_Exercise aim_
Find the lines below that include the word "adult" and report how many there are, with no other text.

(Source records begins)

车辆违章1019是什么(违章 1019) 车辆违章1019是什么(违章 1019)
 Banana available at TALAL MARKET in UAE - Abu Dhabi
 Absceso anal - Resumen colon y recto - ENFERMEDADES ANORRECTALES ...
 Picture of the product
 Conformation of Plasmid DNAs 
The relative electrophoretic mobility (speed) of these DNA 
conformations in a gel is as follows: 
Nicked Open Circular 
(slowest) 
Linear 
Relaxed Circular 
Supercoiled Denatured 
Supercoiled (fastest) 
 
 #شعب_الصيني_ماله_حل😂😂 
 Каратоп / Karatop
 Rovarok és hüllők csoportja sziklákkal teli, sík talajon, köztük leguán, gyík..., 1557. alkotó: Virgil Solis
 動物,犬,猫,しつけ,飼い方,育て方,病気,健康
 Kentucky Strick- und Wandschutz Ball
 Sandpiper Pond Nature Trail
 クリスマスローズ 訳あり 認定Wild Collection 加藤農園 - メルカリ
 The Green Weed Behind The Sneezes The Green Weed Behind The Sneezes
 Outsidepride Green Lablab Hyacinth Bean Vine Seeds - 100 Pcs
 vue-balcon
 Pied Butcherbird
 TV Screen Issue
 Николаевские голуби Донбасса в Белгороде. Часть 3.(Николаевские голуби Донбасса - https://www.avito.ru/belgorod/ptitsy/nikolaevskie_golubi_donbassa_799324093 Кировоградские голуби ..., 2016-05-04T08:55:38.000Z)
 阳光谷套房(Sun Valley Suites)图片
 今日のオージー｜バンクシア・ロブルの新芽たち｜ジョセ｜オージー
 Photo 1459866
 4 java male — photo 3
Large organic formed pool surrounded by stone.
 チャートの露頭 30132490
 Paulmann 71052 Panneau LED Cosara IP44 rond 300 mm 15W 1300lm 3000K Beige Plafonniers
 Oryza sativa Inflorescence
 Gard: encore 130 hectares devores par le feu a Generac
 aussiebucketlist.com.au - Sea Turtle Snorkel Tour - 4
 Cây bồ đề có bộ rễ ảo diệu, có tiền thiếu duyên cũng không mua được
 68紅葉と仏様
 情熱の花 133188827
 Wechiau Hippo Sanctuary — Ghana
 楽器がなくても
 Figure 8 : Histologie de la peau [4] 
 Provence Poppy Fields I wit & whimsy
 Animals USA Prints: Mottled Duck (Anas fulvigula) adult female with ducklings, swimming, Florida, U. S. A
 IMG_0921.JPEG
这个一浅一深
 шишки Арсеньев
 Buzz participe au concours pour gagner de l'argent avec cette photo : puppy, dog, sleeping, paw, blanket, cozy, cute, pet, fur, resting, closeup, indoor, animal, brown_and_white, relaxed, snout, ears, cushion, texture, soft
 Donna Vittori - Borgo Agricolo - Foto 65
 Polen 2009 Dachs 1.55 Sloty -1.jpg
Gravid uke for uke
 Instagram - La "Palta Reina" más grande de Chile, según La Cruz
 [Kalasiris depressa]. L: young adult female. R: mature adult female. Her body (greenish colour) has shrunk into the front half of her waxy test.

(Source records ends)

_Exercise result_
2